• _Record set_:
....

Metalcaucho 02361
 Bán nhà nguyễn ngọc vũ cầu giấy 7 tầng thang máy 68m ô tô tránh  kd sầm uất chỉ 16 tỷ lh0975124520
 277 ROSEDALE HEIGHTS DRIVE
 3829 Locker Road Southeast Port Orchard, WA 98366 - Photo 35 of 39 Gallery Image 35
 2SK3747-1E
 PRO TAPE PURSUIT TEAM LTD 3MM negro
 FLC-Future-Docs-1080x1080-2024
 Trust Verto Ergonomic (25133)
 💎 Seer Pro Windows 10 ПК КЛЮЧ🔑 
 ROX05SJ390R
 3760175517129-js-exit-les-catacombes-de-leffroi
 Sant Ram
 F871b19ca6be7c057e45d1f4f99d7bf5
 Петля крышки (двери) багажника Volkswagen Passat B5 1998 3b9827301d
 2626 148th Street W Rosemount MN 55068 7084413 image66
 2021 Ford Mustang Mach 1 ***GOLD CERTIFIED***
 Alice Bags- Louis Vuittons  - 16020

....

• _Work item_: What are the lines from the one containing "277 ROSEDALE HEIGHTS DRIVE" to the end of the material above? Return them exactly, and only them.

• _Result_:
 277 ROSEDALE HEIGHTS DRIVE
 3829 Locker Road Southeast Port Orchard, WA 98366 - Photo 35 of 39 Gallery Image 35
 2SK3747-1E
 PRO TAPE PURSUIT TEAM LTD 3MM negro
 FLC-Future-Docs-1080x1080-2024
 Trust Verto Ergonomic (25133)
 💎 Seer Pro Windows 10 ПК КЛЮЧ🔑 
 ROX05SJ390R
 3760175517129-js-exit-les-catacombes-de-leffroi
 Sant Ram
 F871b19ca6be7c057e45d1f4f99d7bf5
 Петля крышки (двери) багажника Volkswagen Passat B5 1998 3b9827301d
 2626 148th Street W Rosemount MN 55068 7084413 image66
 2021 Ford Mustang Mach 1 ***GOLD CERTIFIED***
 Alice Bags- Louis Vuittons  - 16020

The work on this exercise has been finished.